L’emiro resta a terra

Base a Londra, ma affari ben saldi proprio tra Russia e Ucraina. Il suo yacht non è stato apparentemente fortunato nell’ormeggio nel porto gallurese. Gli è spettato come vicino di bitta nientemeno che il gigantesco "Sarafsa", il super yacht da 82 metri di lunghezza che sino a qualche giorno fa risultava del principe Fahad Bin Sultan, governatore della provincia di Tabuk in Arabia Saudita, Ma come spesso capita anche i ricchi piangono, o meglio non saldano i debiti.
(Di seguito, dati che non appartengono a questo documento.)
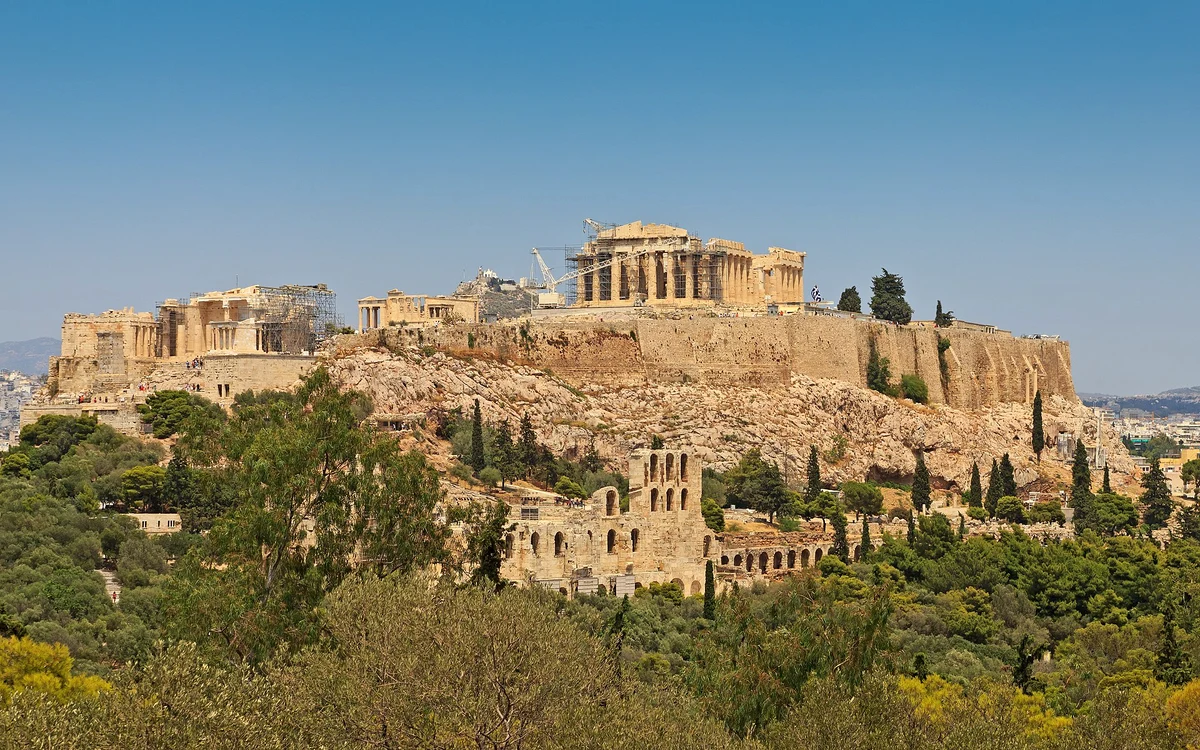 Acropolis. Grecia. Sursa: A. Savin. Wikipedia.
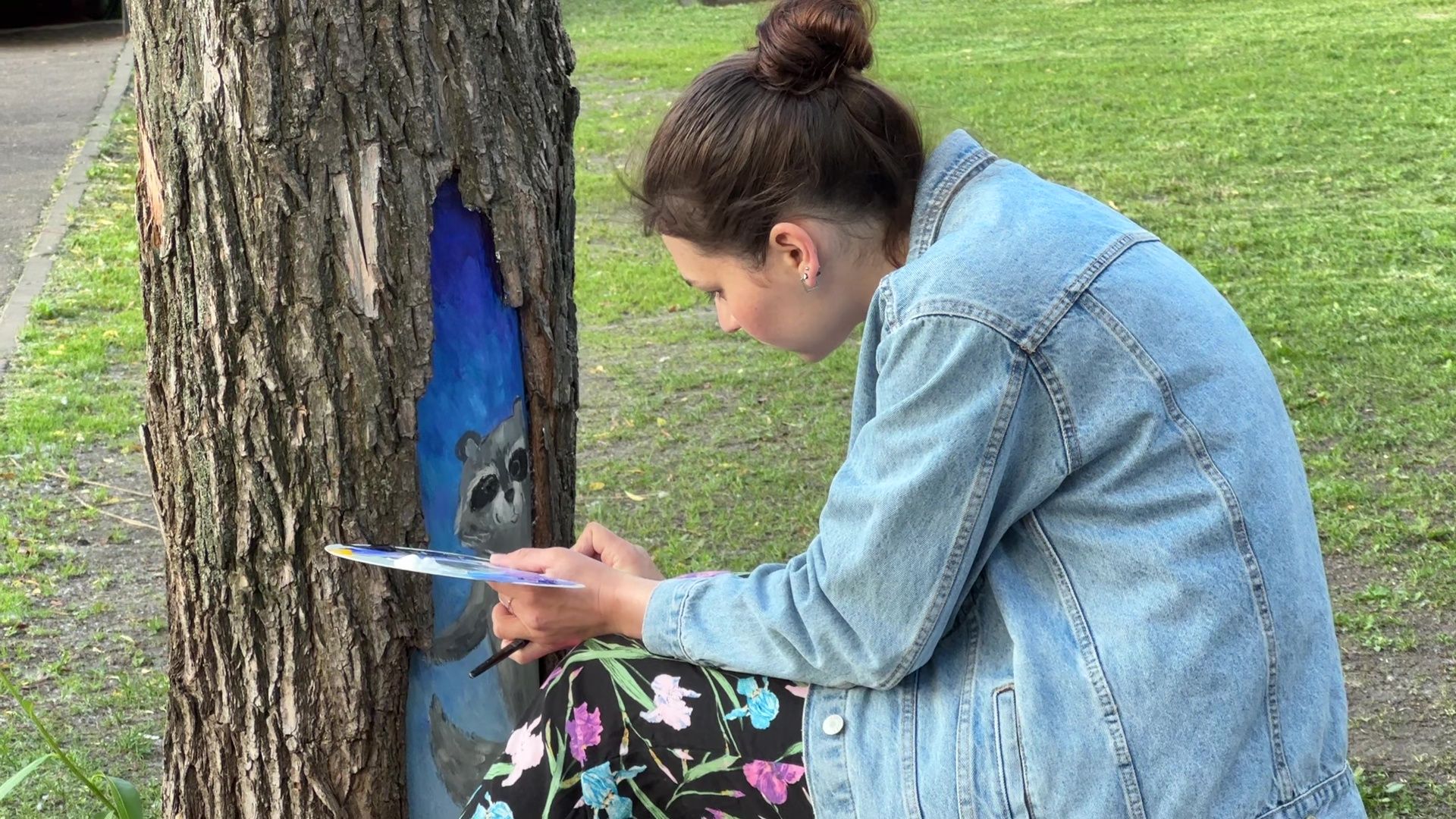 Реутов, парк, спаси дерево, рисунки, художник,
La più importante banca della blindatissima Svizzera ha puntato la prua contro il magnate saudita accusato di non aver rimborsato milioni di interessi e prestiti che ha contratto per rifinanziare la sua gigantesca villa inglese e il suo superyacht. Il Credit Suisse Group non glielo ha mandato a dire e ha intentato una causa dalla cifra stratosferica di 78 milioni di dollari pari agli interessi e prestiti che l’emiro aveva contratto per finanziare il suo superyacht e la villa del Surrey.

Salpa Credit Suisse

Il ciclopico eremo galleggiante, bandiera delle Isole Cayman, interni regali come pochi altri, ormeggiato ora a Portisco, tanto immenso da far “arrossire” quello ormeggiato a fianco dell’oligarca russo in salsa londinese, secondo i documenti depositati nel Tribunale di Londra, vale 58 milioni di euro tanto quanto basta per ripagare una parte del debito. Detto fatto, appena ormeggiato in terra sarda il “pachiderma dei mari”, secondo fonti confidenziali, ha cambiato proprietà. Da qualche giorno è di Credit Suisse che sta saldando direttamente i debiti dell’emiro, compresi quelli lasciati in giro in terra sarda.

L’ombra di Usmanov

Alisher Usmanov, l’oligarca considerato tra i più vicini allo Zar di Russia Vladimir Putin, i debiti, invece, pare gli abbia sempre onorati. Anche lui, però, dovrà fare a meno del gigante di Porto Cervo, quel super “Dilbar”, che da anni ormeggia nel cuore della baia più bramita. Non si da pace il miliardario russo. Nei giorni scorsi con un ricorso urgente, rimasto blindato negli uffici dell’alta Corte europea, Usmanov ha fatto appello alla decisione dell'Unione Europea: restituitemi il “Dilbar”. L’estate è agli inizi. E lui, quest’anno, non ci sarà.